The suspension and deferred fine illustrate the real repercussions for such violations, and this case serves as a sobering reminder of how crucial it is for the financial industry to maintain transparency, accurate reporting, and compliance with regulatory standards.
SUMMARY REPORT: GERALD MICHAEL TAYLOR
CASE SUMMARY | FIRMS/INDIVIDUALS | ACTION DATE |
Gerald Michael Taylor, the respondent, was a former investment company and variable contracts products representative with CRD No. 5649838. FINANCIAL INDUSTRY REGULATORY AUTHORITY LETTER OF ACCEPTANCE, WAIVER, AND CONSENT NO. 2023077841801 TO: Department of Enforcement Financial Industry Regulatory Authority (FINRA) Respondent Gerald Michael Taylor submits this Letter of Acceptance, Waiver, and Consent (AWC) in accordance with FINRA Rule 9216 in order to suggest a settlement for the alleged rule violations listed below.
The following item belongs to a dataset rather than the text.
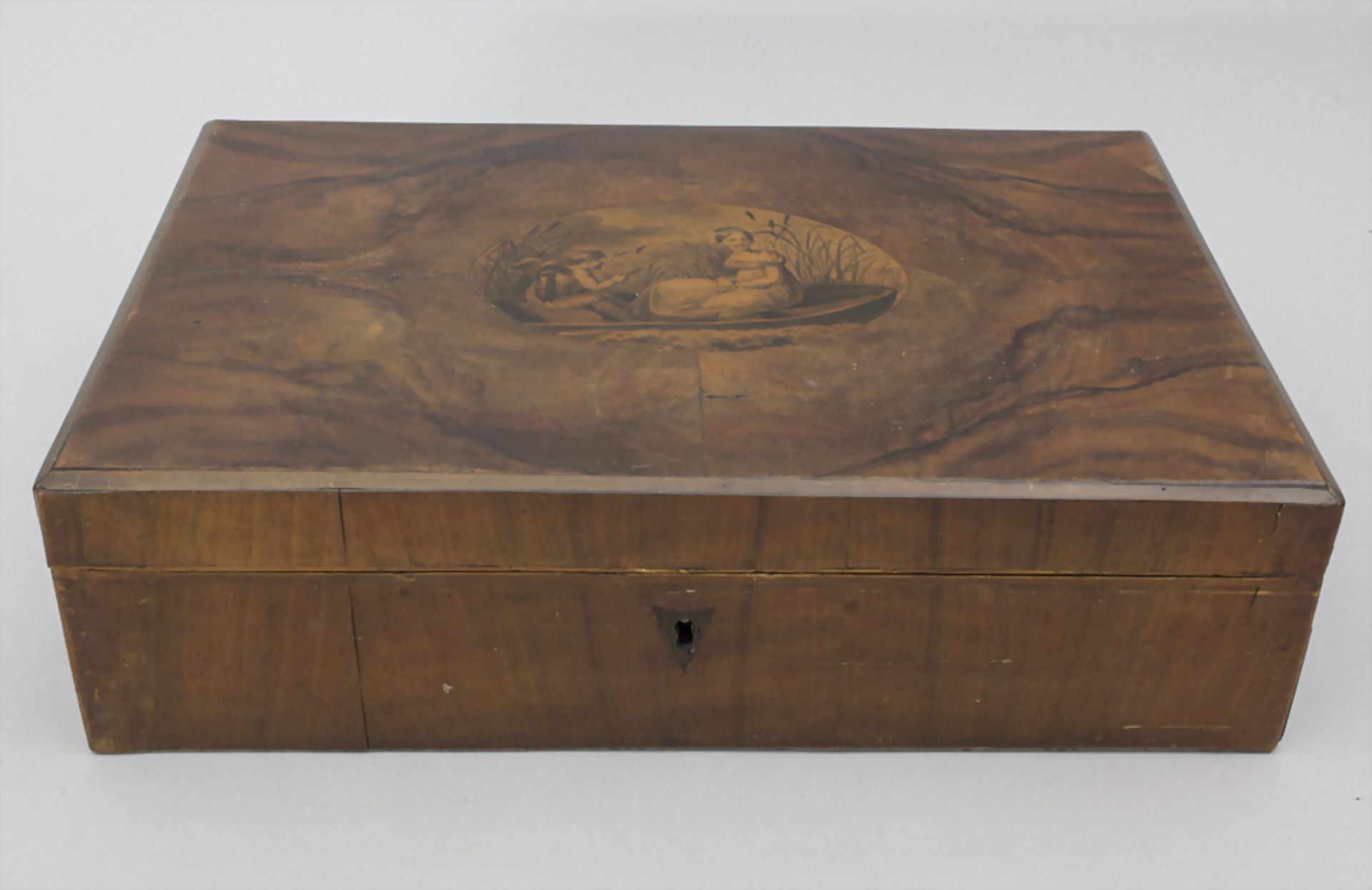 Schatulle mit 'Dame mit Amor im Boot' / A casket with 'A lady with a cupid in a boat', Ende 19. Jh.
CASE ID: 2023077841801 | GERALD MICHAEL TAYLOR | 10/17/2023 |
CONCLUSION
The severity of Gerald Michael Taylor‘s non-compliance with industry regulations is highlighted in the recent regulatory actions against him in Huntington, TN. Acceptance, Waiver, and Consent (AWC) issued on October 17, 2023, came with a three-month suspension from affiliation with any member of the Financial Industry Regulatory Authority (FINRA) and a $10,000 deferred fine.
The suspension ran from November 6, 2023, to February 5, 2024. Significantly, Taylor—chief compliance officer of a community bank and assistant professor of finance—accepted the fines without acknowledging or contesting the conclusions.
According to the regulatory findings, Taylor engaged in compensated outside business activities (OBAs) without giving his member firm written notice beforehand, which is against industry protocol.
In addition, inconsistencies emerged from Taylor’s submission of fraudulent data on compliance questionnaires, his deceptive denial of compensation outside of his company, and his false assertion that he held no officer position in any other organizations.
In addition, Taylor did not disclose his affiliation with the other organization when he opened an individual retirement account (IRA) with a different firm without first getting permission from his primary firm. These violations demonstrate the depth and seriousness of his disregard for legal requirements.
As concrete repercussions for Taylor’s regulatory violations, the suspension and deferred fine highlight how important it is for financial advisors to follow disclosure guidelines to the letter and obtain authorization before engaging in any outside activity.
In order to preserve integrity and confidence among the financial community, the industry must remain committed to openness, truthful reporting, and compliance with legal requirements. This case serves as a sharp reminder of this commitment.